Northwestern's gleaming outpatient clinic shows Bronzeville is ripe for investment
It’s been open for four months now, but Northwestern Medicine’s new outpatient center in Bronzeville still makes me smile whenever I cruise past it.
The five-story, 120,000-square-foot facility at 4822 S. Cottage Grove Ave. opened in September. Sleek and modern, the outpatient center is a much-needed addition to the Greater Bronzeville area, which includes many communities on the lower end of Chicago’s life expectancy scale.
Life expectancy in Grand Boulevard, where the center is located, and the surrounding Douglas, Oakland and Washington Park communities are all below 75 years, according to 2023 figures from the Chicago Health Atlas. That puts them in the bottom third among all city community areas.

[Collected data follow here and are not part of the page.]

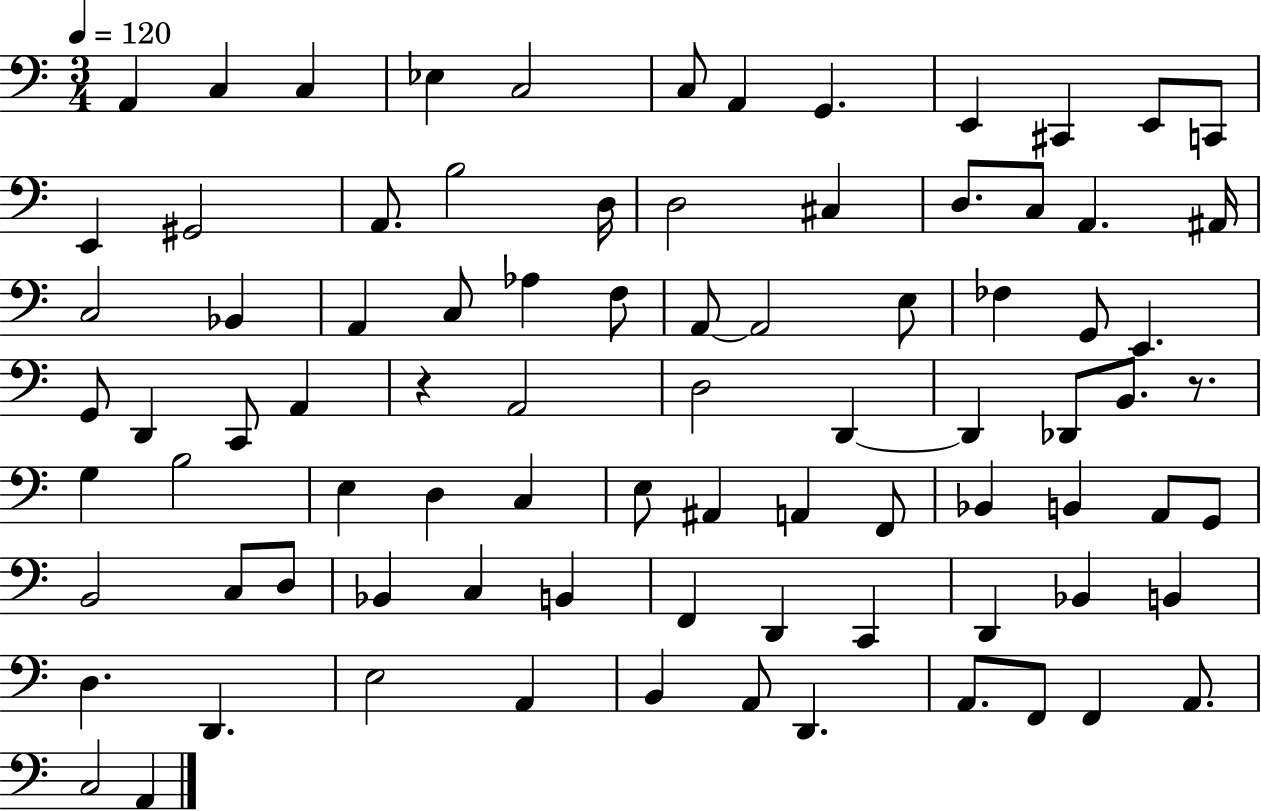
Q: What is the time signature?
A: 3/4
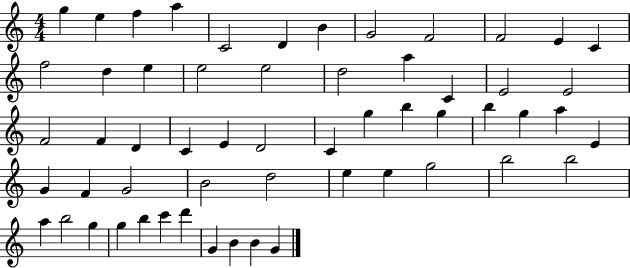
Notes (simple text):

G5/q E5/q F5/q A5/q C4/h D4/q B4/q G4/h F4/h F4/h E4/q C4/q F5/h D5/q E5/q E5/h E5/h D5/h A5/q C4/q E4/h E4/h F4/h F4/q D4/q C4/q E4/q D4/h C4/q G5/q B5/q G5/q B5/q G5/q A5/q E4/q G4/q F4/q G4/h B4/h D5/h E5/q E5/q G5/h B5/h B5/h A5/q B5/h G5/q G5/q B5/q C6/q D6/q G4/q B4/q B4/q G4/q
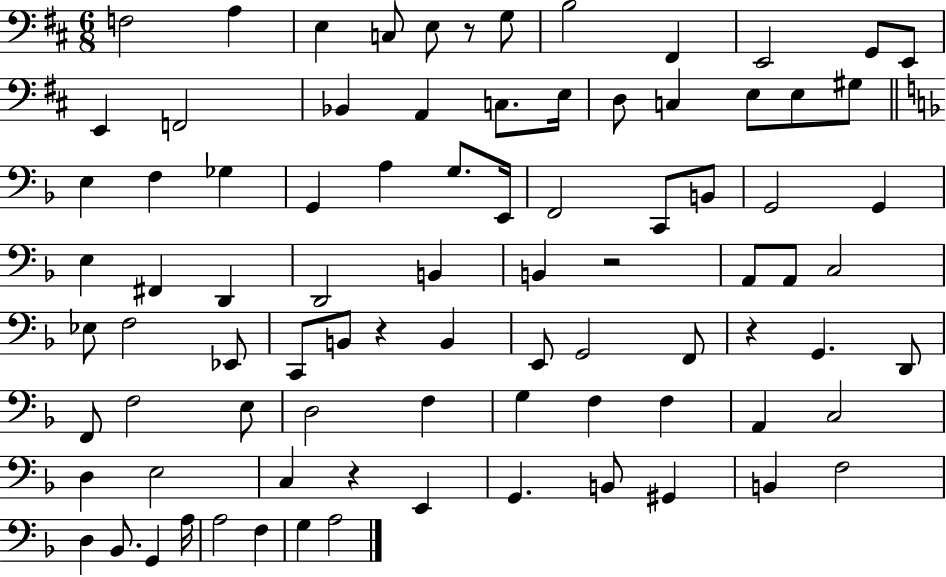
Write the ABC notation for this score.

X:1
T:Untitled
M:6/8
L:1/4
K:D
F,2 A, E, C,/2 E,/2 z/2 G,/2 B,2 ^F,, E,,2 G,,/2 E,,/2 E,, F,,2 _B,, A,, C,/2 E,/4 D,/2 C, E,/2 E,/2 ^G,/2 E, F, _G, G,, A, G,/2 E,,/4 F,,2 C,,/2 B,,/2 G,,2 G,, E, ^F,, D,, D,,2 B,, B,, z2 A,,/2 A,,/2 C,2 _E,/2 F,2 _E,,/2 C,,/2 B,,/2 z B,, E,,/2 G,,2 F,,/2 z G,, D,,/2 F,,/2 F,2 E,/2 D,2 F, G, F, F, A,, C,2 D, E,2 C, z E,, G,, B,,/2 ^G,, B,, F,2 D, _B,,/2 G,, A,/4 A,2 F, G, A,2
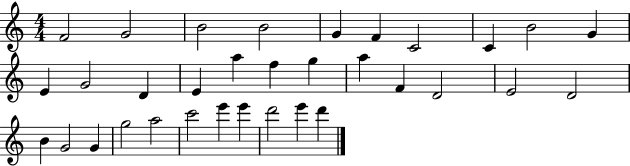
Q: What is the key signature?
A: C major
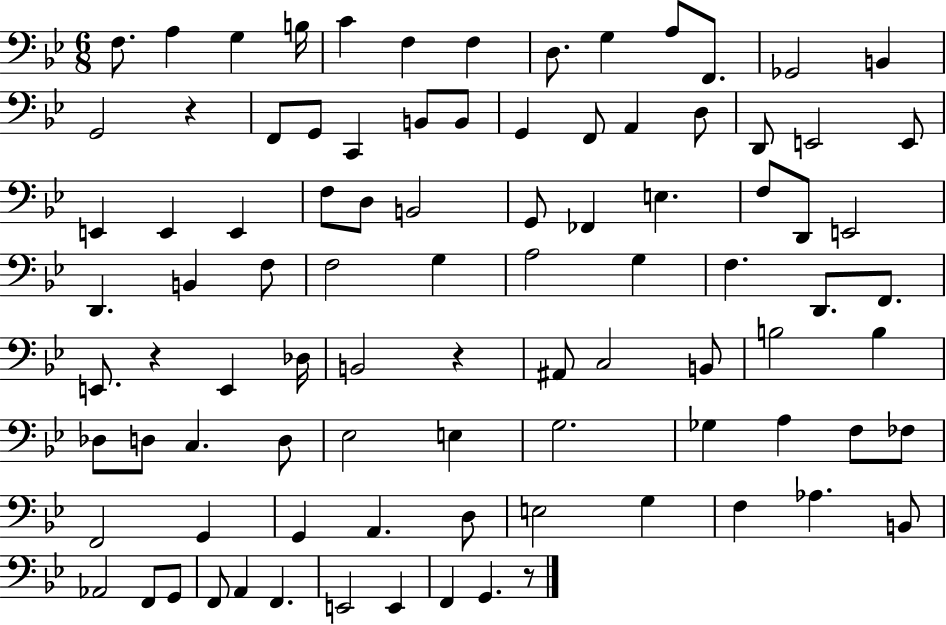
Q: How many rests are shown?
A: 4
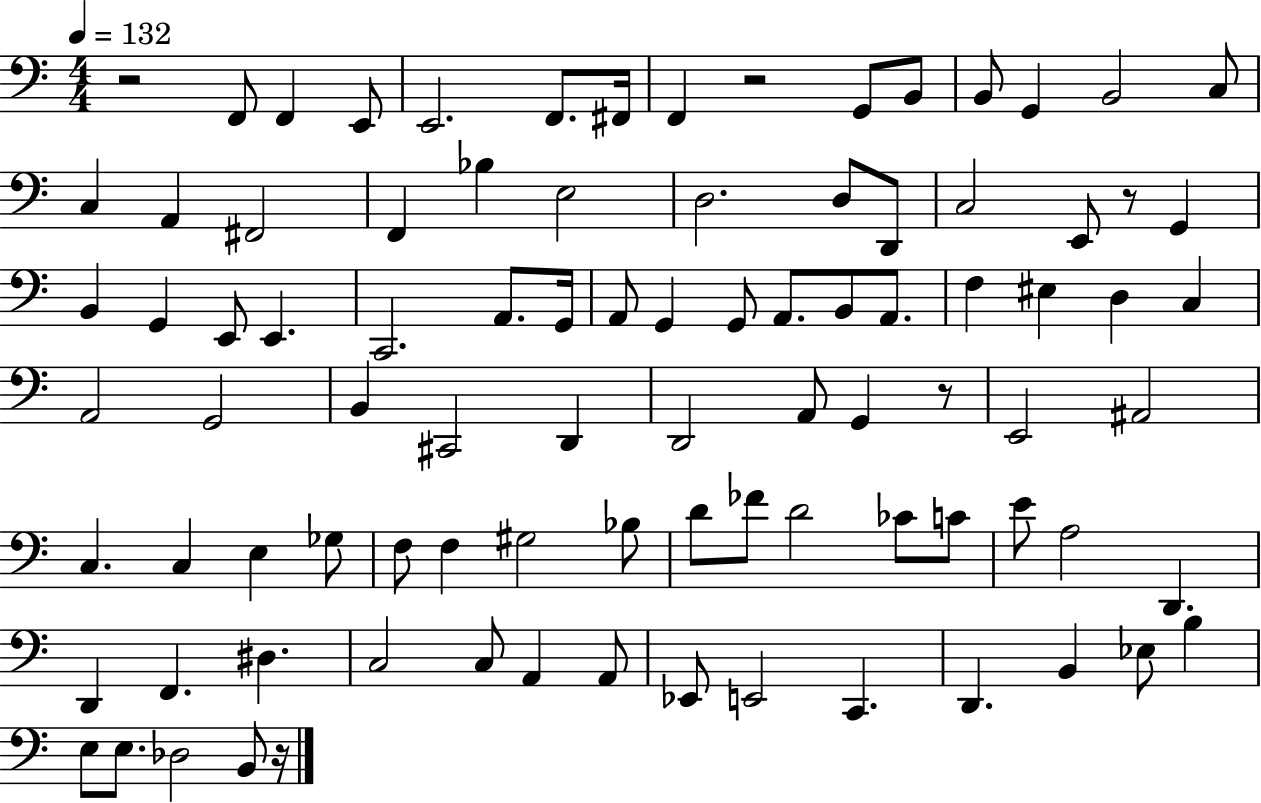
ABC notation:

X:1
T:Untitled
M:4/4
L:1/4
K:C
z2 F,,/2 F,, E,,/2 E,,2 F,,/2 ^F,,/4 F,, z2 G,,/2 B,,/2 B,,/2 G,, B,,2 C,/2 C, A,, ^F,,2 F,, _B, E,2 D,2 D,/2 D,,/2 C,2 E,,/2 z/2 G,, B,, G,, E,,/2 E,, C,,2 A,,/2 G,,/4 A,,/2 G,, G,,/2 A,,/2 B,,/2 A,,/2 F, ^E, D, C, A,,2 G,,2 B,, ^C,,2 D,, D,,2 A,,/2 G,, z/2 E,,2 ^A,,2 C, C, E, _G,/2 F,/2 F, ^G,2 _B,/2 D/2 _F/2 D2 _C/2 C/2 E/2 A,2 D,, D,, F,, ^D, C,2 C,/2 A,, A,,/2 _E,,/2 E,,2 C,, D,, B,, _E,/2 B, E,/2 E,/2 _D,2 B,,/2 z/4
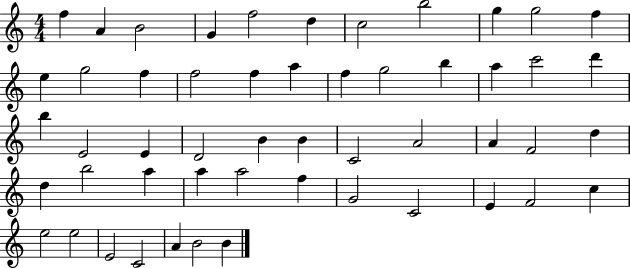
{
  \clef treble
  \numericTimeSignature
  \time 4/4
  \key c \major
  f''4 a'4 b'2 | g'4 f''2 d''4 | c''2 b''2 | g''4 g''2 f''4 | \break e''4 g''2 f''4 | f''2 f''4 a''4 | f''4 g''2 b''4 | a''4 c'''2 d'''4 | \break b''4 e'2 e'4 | d'2 b'4 b'4 | c'2 a'2 | a'4 f'2 d''4 | \break d''4 b''2 a''4 | a''4 a''2 f''4 | g'2 c'2 | e'4 f'2 c''4 | \break e''2 e''2 | e'2 c'2 | a'4 b'2 b'4 | \bar "|."
}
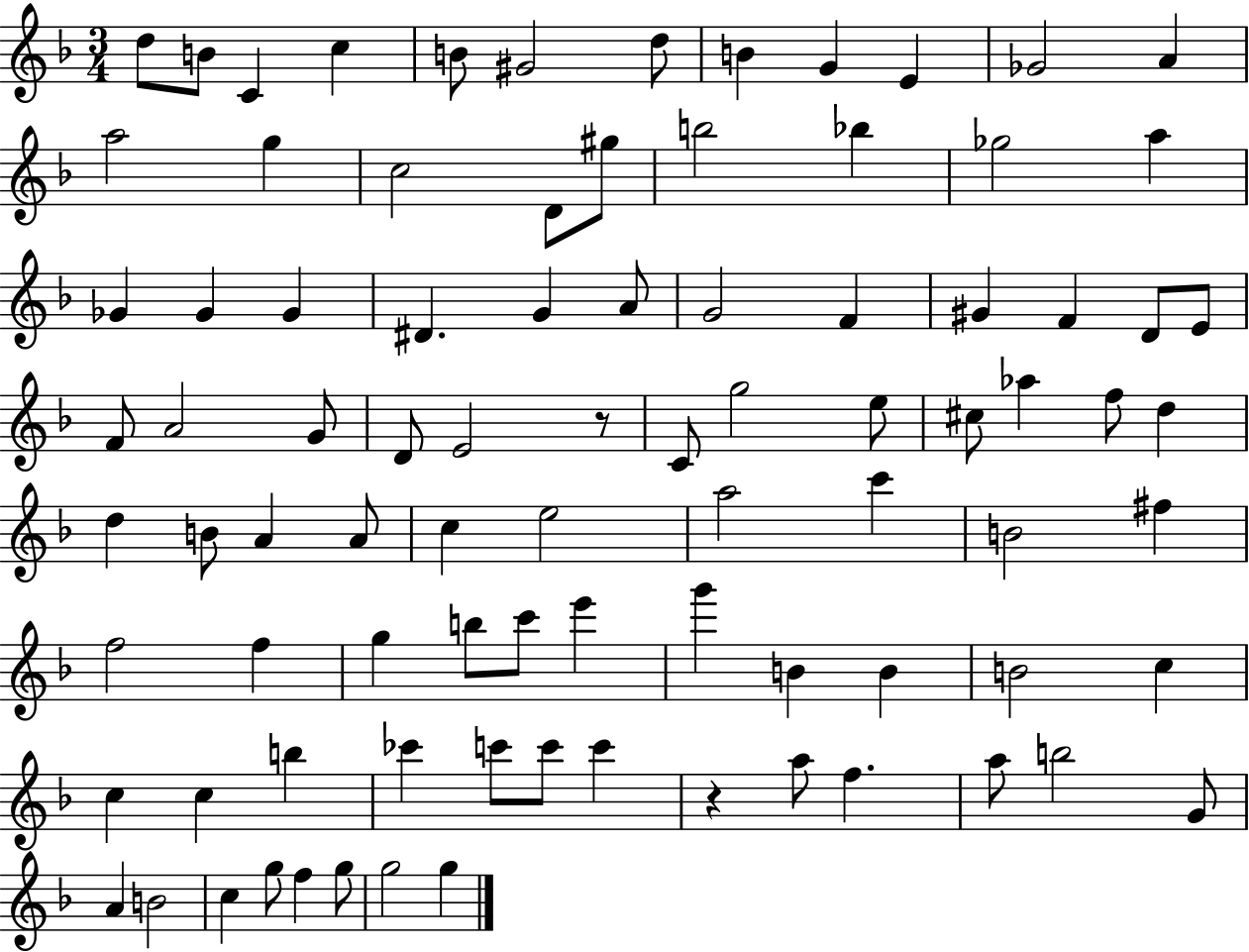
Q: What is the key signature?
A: F major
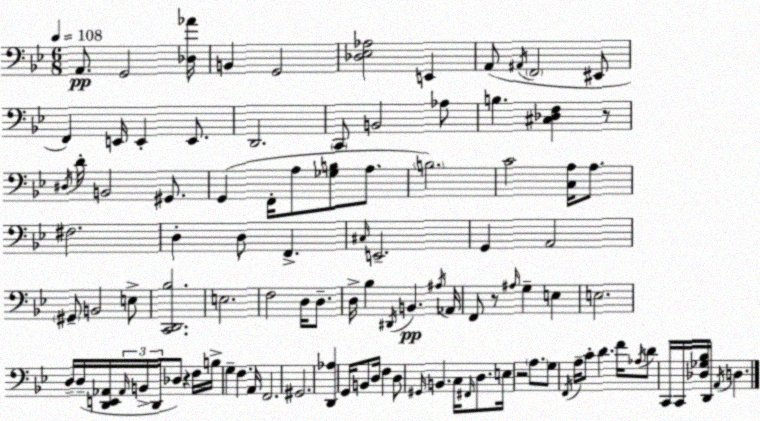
X:1
T:Untitled
M:6/8
L:1/4
K:Gm
A,,/2 G,,2 [_D,_A]/4 B,, G,,2 [_D,_E,_A,]2 E,, A,,/2 ^A,,/4 F,,2 ^E,,/2 F,, E,,/4 E,, E,,/2 D,,2 C,,/2 B,,2 _A,/2 B, [^C,_D,F,] z/2 ^D,/4 D/4 B,,2 ^G,,/2 G,, F,,/4 A,/2 [_G,B,]/2 A,/2 B,2 C2 [C,A,]/4 A,/2 ^F,2 D, D,/2 F,, ^C,/4 E,,2 G,, A,,2 ^G,,/2 B,,2 E,/2 [C,,D,,_B,]2 E,2 F,2 D,/4 D,/2 D,/4 _B, ^D,,/4 B,, ^A,/4 _A,,/4 F,,/2 z/2 ^A,/4 G, E, E,2 D,/4 D,/4 [D,,E,,_A,,]/4 _A,,/4 B,,/4 D,,/4 _D,/2 z F,/4 B,/4 G, F, A,,/4 F,,2 ^G,,2 [D,,_A,] G,,/4 B,,/2 D,/4 F, D,/2 ^G,,/4 B,, C,/4 ^F,,/4 D,/2 E,/4 z2 A,/2 G,/2 F,,/4 A,/4 C/2 D F/4 _A,/4 D/2 C,,/4 C,,/4 [_D,_G,_B,]/4 D,,/4 A,,/4 D,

The outpatient center offers immediate and primary care along with a range of specialties, including oncology care and infusion services, pediatrics, women’s health, dermatology and mental health services.
“Increasing access to world-class health care in Bronzeville will make a generational impact on the health and wellness of this community,” said Dr. Kimbra Bell, the center’s medical director, in a statement when the facility opened. “We are committed to help build stronger, healthier communities. For over 20 years, we have collaborated with local organizations in Bronzeville and surrounding neighborhoods that share our vision to make the center a reality.”
But the outpatient center’s impact might stretch beyond providing a state-of-the-art medical facility in an area where they’re in short supply.
At a cost of more than $100 million, the outpatient center appears to be the most significant new development in Greater Bronzeville in the last 20 years.
I reviewed city data on new construction permits dating back to 2006 and no other project in Bronzeville topped the outpatient center’s overall cost. And there were just a handful of others on the South Side with higher price tags, most of which were projects connected to the University of Chicago, UChicago Medicine or the Obama Presidential Center.
I still have vivid memories of driving past the outpatient center during its construction and noticing the construction crane spanning across Cottage Grove Avenue.
“Is it OK for me to drive under this thing?” I can remember thinking at the time.
A rare sight on South Side: construction cranes
For sure, I’d seen construction cranes before — but never in Bronzeville or many other South Side neighborhoods, for that matter. It was an unfamiliar sight.
What I have been far more accustomed to witnessing is the loss of community anchors in Chicago’s Black neighborhoods — both public and private institutions.
Ironically, the outpatient center sits just a few hundred feet south of the shuttered Walmart Neighborhood Market at 4720 S. Cottage Grove Ave., which closed in 2023. It was one of four stores the retail giant closed that year, including neighborhood market stores in Lake View and Little Village and a supercenter in Chatham.
As someone who frequented the neighborhood market on Cottage Grove and the supercenter in Chatham, those closures stung. They were also painful reminders of how fleeting economic interest in Black Chicago can be.
Walmart, Target, Walgreens, Whole Foods and others have opened locations on Chicago’s South and West sides with bold promises and great fanfare, only to back away years later, leaving empty storefronts and vacant lots in their wake. Many of those locations remain vacant, possibly serving as cautionary tales discouraging other institutions from investing in underserved communities.
But underserved doesn’t always mean underresourced.
Black people’s money spends just as well as anyone else’s, and there’s plenty of it in Bronzeville.
“The Low End,” as it was once called, has been on the come-up as of late. Bronzeville is doing much better economically these days than in decades past.
In all of Black Chicago, Bronzeville might offer the widest range of incomes, with residents spanning both the highs and the lows of the economic spectrum. But the median household income in most Bronzeville census tracts is comparable to the city’s median household income. Bottom line: there’s a market in Bronzeville for economic development.
Northwestern Medicine’s outpatient center is sure to improve health care access for many in Bronzeville. But I’m hopeful it will also stimulate economic development that is just as desperately needed as the medical services the center will provide.
As the saying goes, game recognizes game. If Northwestern Medicine feels confident enough to invest more than $100 million in Bronzeville, perhaps other institutions will take notice and follow suit.
Alden Loury is data projects editor for WBEZ and writes a column for the Sun-Times.